Today, slabs are non-existent; logs after being de-barked by rotating knives, are squared by chippers, revolving blades that chop what used to be slabs into small chunks or wood chips.

The ground sawmill’s circular saw produced some boards that often had bark edges called strips, edges ranging in widths up to two inches, that were removed to produce a higher quality board. Strips had many uses around a homestead: fencing, firewood, sticks for running beans, and material for roughly built chicken coops. Strips were also convenient for covering the cracks between logs when most tobacco curing barns were made of logs. They also could be turned into toys of various kinds by little boys fortunate enough to find a few small nails, usually previously used.

The sawdust that resulted from the large saw turning a log into lumber was moved a few feet away from the saw by a steel conveyor chain running from a small pit under the saw to a frame about 20 feet high. The result was a perfectly formed (for a while) cone shaped mountain of soft, aromatic (if pine was being sawed) sawdust.

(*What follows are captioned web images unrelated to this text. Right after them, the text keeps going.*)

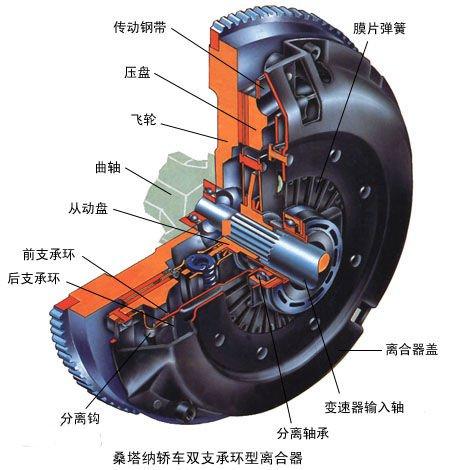 汽车传动系是什么？有多重要？深度解读汽车传动系！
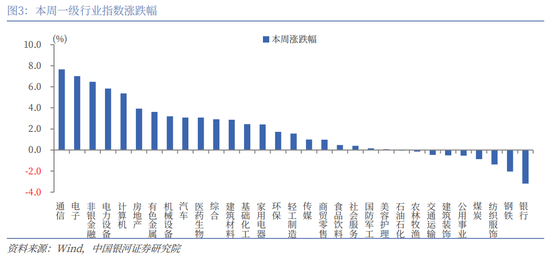 银河策略：市场量能迈上新台阶，A股新稳态进一步确立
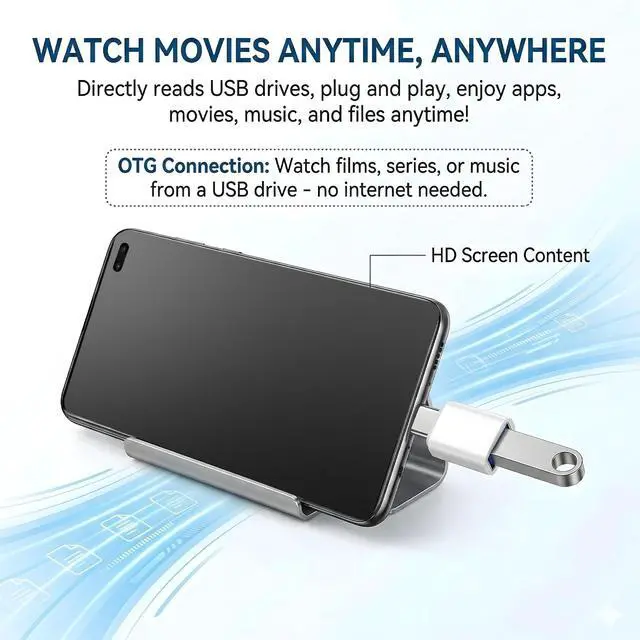 Alt view image 4 of 7 - 10 PCS USB-C to USB Adapter, White USB Type-C to a Female Adapter for Flash Drive, Controller,Mouse, Keyboard and More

Could a country boy in that era of few if any store-bought entertainments ask for more, particularly when one of our rare snows covered the sawdust pile? A disintegrating slab, its bark rotted off, made an efficient sled on which to speed down the slopes of the man-made hill. The sawdust mountain was soon misshapen with shallow trenches made by these improvised sleds and by caves (that quickly collapsed) dug into the side of the sawdust pile mountain.

The ground sawmills’ sawdust attracted rural adults also; it made a good mulch for the ladies’ flower beds.

It also found usage as a covering for chicken house floors and, in the pre-refrigerator days, as insulation in homemade, double-walled ice boxes made of wood.

Many a country store’s wooden floor— when there were country stores and floors were made of wood — was kept more or less dust-free and clean-looking by regular applications of oil-soaked sawdust that was spread by hand, walked on for a day or so, and then carefully swept up and discarded.

It was only a few years ago that signs that ground sawmills had existed could be seen in innumerable sawdust piles in woodlands. But time and countless rains have leveled these remains of a by-gone era.

Compared to the today’s sophisticated machinery that turns growing trees into useful products efficiently and economically, these early lumbering operations were primitive; the little sawmills’ outputs were small and production was slow.

By today’s standards, ground sawmills were indeed inefficient and wasteful. But to their neighbors in the mills’ heyday, they were also sources of free, valuable products that most folks could use.